Anita mendekati Raka yang berdiri di ambang pintu, dan hendak menyalam pria itu. Tapi belum sempat Anita menggapai tangan Raka, pria itu malah berjalan lagi, mengabaikan Anita.

"Pah..." lirih Anita. Tidak sadar air matanya terjatuh. Bi Asri melihat itu, ia langsung mendekati Anita dan mengusap punggung Anita, menenangkan perasaan cewek itu.
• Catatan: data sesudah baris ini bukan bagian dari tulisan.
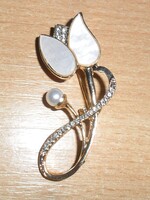 Gyönyörűséges, arany színű bross, cirkónia és gyöngy díszítéssel.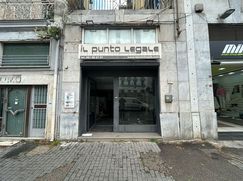 Negozio/Locale commerciale in Commerciale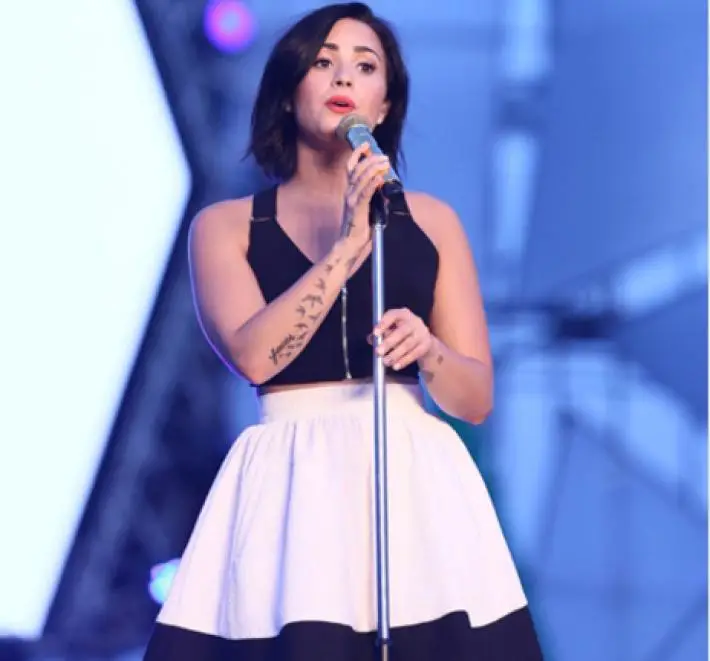 Demi Lovato en Vietnam, Las Fotos de su Actuación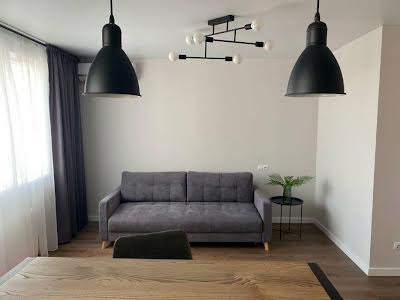 квартира за адресою Деміївська вул., 18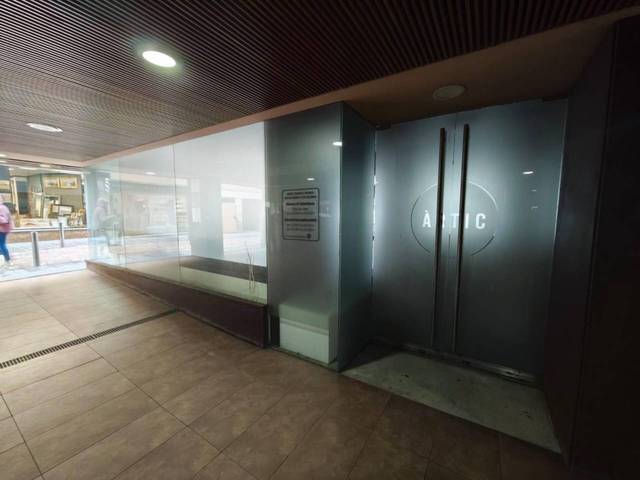 Local comercial en Alquiler en Les Escaldes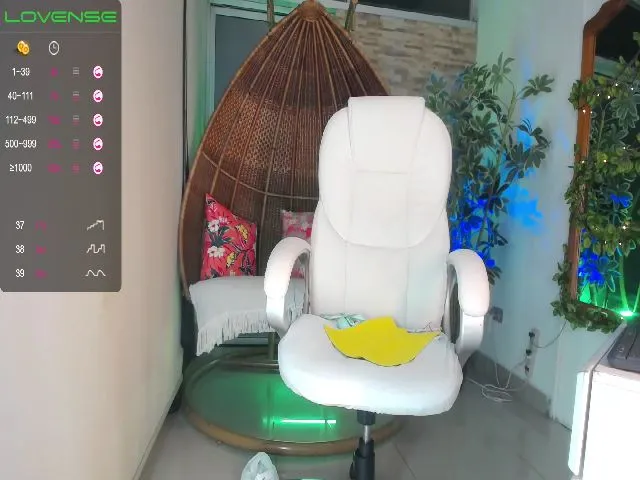 Live sex webcam photo for AiriKim #262485128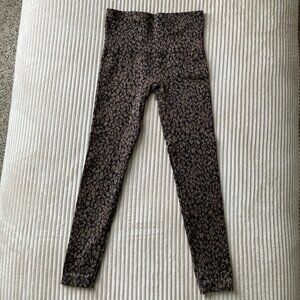 SPANX Look At Me Now Gray Black brown Leopard Print Leggings - Size XS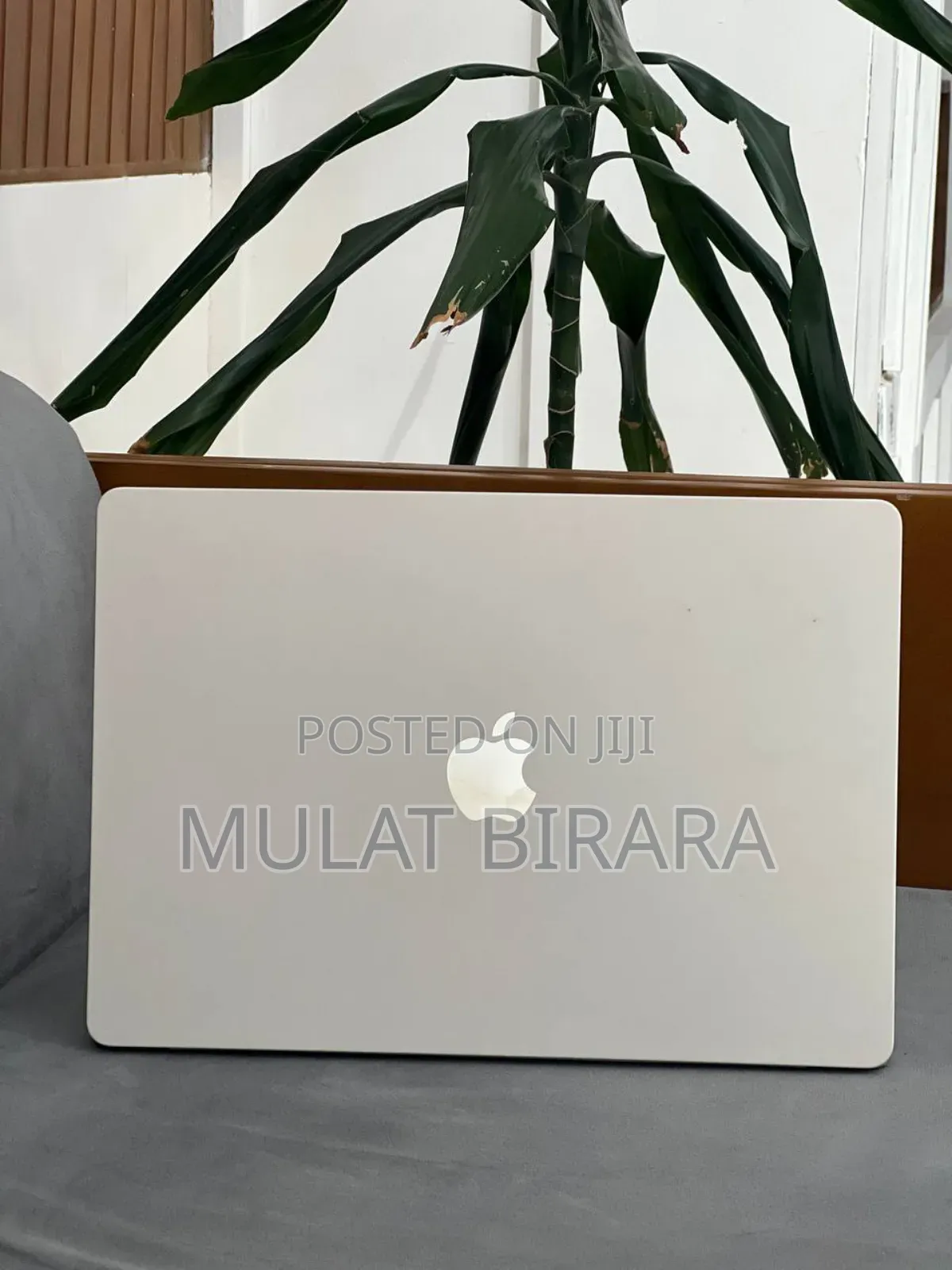 New Laptop Apple MacBook Air 2022 M2 8GB Intel Core M2 SSD 256GB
"Udah Non, mending sekarang berangkat ke sekolah, gak usah di pikirin perlakuan Tuan tadi," ucapnya. Anita menoleh kepada Bi Asri, lalu menggeleng pelan, dadanya sesak ingin menangis, bibirnya sudah tidak kuat lagi menahan isakan dari tangisnya.

"Gak bisa Bi, hiks," isak Anita lalu berlari mengambil tas ranselnya yang berada di meja makan, dan melangkah cepat menuju garasi rumahnya. Anita menutup mulutnya, menahan isakan yang keluar dari sana. Anita menaiki mobilnya, dan melajukan mobil dengan kecepatan yang tidak santai.

"Dasar pilih kasih!! Lupa daratan! Kacang lupa kulit! Gue ini anaknya tapi malah anak orang lain yang dia sayang!" Teriaknya di dalam mobil dengan sangat kesal. Anita semakin menggila di dalam mobil, melajukan mobilnya dengan cepat tanpa mengingat maut sama sekali.

"Mungkin karena si dedemit itu lebih genit kali ya, makanya dia sayang banget! Lah gue apa adanya, mana bisa berekspresi alay kek si dedemit itu!" Maki Anita dan memijak rem cepat saat tersadar ia hampir saja menerobos lampu merah. Anita tersentak, lalu melotot kaget dengan apa yang ia perbuat barusan.

"Dah Nit, lo gak perlu mikirin soal ini lagi, lo harus fokus sama impian lo, lo pengen kuliah di luar negeri, kan! Jadi lo harus fokus sama impian lo itu, gak boleh pikirin hal lain lagi, lo harus keluar dari rumah itu secepat mungkin," ucap Anita menyemangati dirinya sendiri, tapi air matanya tetap saja mengalir, tidak mau berhenti. Mungkin karena kali ini ia benar-benar terbakar api cemburu.

Anita menarik napas kuat, dan mengeluarkannya dengan begitu lelah. Ia menarik tisu yang berada di dalam mobilnya, dan membersihkan air mata yang tersisa di matanya. Lalu setelah melihat lampu berwarna hijau, Anita kembali melajukan mobilnya dengan sedikit santai, tidak seperti tadi.